Data shown:
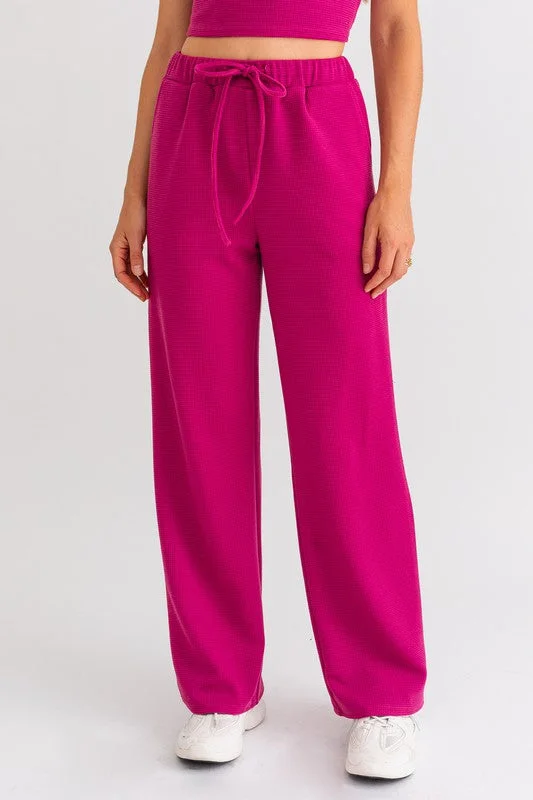 Berry Blaze Waffle Knit Thermal Pants - Medium - Final Sale Slim-Fit Khaki Pants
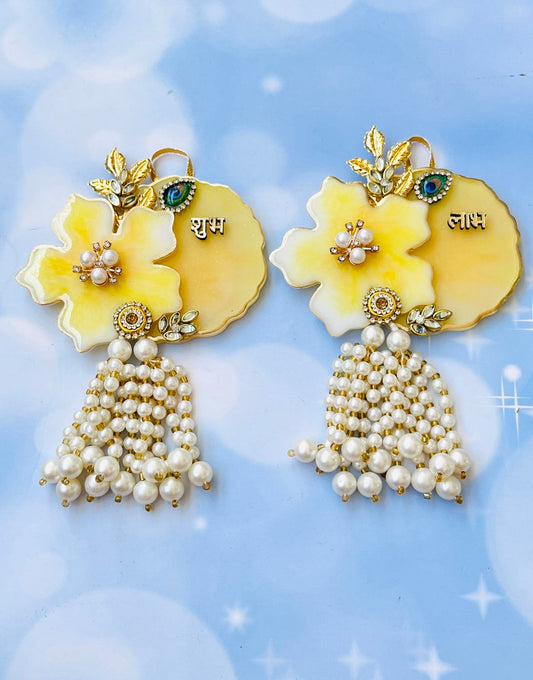 Resin Labh Shubh Wall Hanging | Yellow Floral Pearl Design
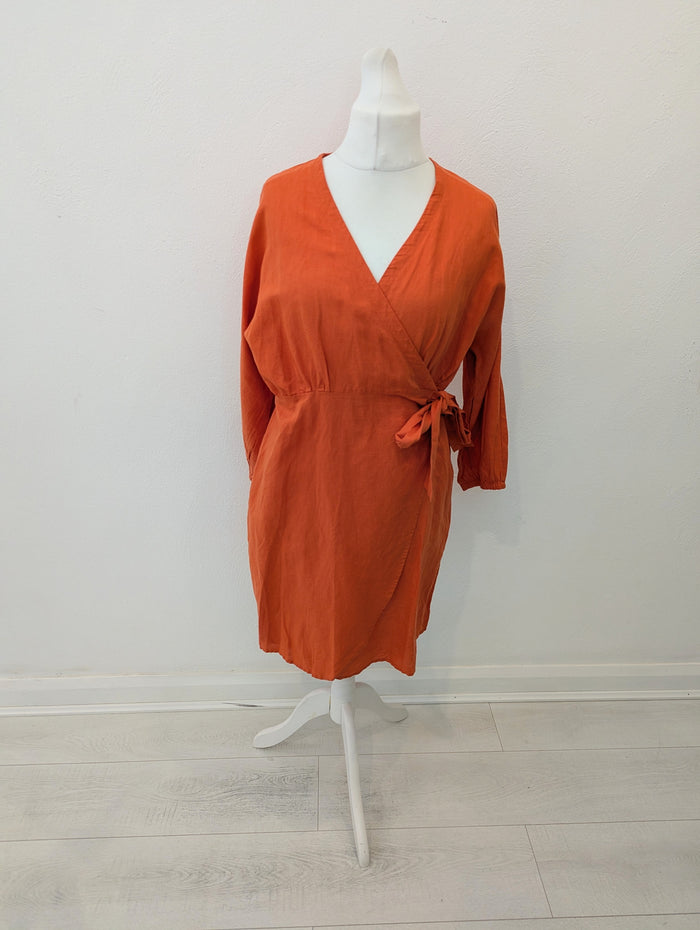 MSCH Copenhagen Orange Wrap Dress 10 NWT £90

Instructions to follow:
Copy every line of the data word for word, omitting the images.

Response for this exercise:
 Berry Blaze Waffle Knit Thermal Pants - Medium - Final Sale Slim-Fit Khaki Pants
 Resin Labh Shubh Wall Hanging | Yellow Floral Pearl Design
 MSCH Copenhagen Orange Wrap Dress 10 NWT £90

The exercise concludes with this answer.